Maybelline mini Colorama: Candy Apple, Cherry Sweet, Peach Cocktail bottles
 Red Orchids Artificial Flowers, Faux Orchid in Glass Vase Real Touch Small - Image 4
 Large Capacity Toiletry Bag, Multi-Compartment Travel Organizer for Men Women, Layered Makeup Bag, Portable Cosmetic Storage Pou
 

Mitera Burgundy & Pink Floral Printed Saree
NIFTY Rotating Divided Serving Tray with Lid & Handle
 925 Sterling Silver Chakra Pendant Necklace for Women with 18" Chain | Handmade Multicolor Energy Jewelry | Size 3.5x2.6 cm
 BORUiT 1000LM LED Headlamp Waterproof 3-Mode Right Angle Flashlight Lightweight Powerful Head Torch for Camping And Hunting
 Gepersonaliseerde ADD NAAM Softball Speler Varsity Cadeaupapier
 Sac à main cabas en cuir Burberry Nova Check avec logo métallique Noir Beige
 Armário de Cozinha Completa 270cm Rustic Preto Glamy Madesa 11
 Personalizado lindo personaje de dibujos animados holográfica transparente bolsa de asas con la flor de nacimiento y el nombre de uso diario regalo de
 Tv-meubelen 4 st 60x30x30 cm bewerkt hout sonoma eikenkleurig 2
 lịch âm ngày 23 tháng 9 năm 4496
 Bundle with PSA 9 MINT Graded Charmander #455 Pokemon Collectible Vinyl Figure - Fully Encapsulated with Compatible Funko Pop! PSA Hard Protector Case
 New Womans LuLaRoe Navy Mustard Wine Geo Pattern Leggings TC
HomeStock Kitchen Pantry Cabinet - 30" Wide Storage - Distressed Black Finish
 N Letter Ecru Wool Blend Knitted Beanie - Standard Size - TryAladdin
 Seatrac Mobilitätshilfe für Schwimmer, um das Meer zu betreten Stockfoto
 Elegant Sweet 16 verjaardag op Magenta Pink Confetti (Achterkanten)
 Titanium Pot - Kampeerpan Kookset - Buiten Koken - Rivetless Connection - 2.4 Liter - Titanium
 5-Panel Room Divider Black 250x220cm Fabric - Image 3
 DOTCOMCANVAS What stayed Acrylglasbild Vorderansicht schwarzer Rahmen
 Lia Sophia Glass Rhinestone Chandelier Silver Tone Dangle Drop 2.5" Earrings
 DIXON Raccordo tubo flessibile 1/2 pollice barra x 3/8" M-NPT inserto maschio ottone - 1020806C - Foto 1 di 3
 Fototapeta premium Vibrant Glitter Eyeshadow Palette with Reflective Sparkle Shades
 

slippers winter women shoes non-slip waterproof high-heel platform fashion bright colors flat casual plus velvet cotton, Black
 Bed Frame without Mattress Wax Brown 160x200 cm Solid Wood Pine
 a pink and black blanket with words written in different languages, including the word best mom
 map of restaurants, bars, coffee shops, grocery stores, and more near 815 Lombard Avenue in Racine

==============================

--- Directions ---
State how many lines of the records above contain the word "Glass", giving only that number.

--- Response below ---
2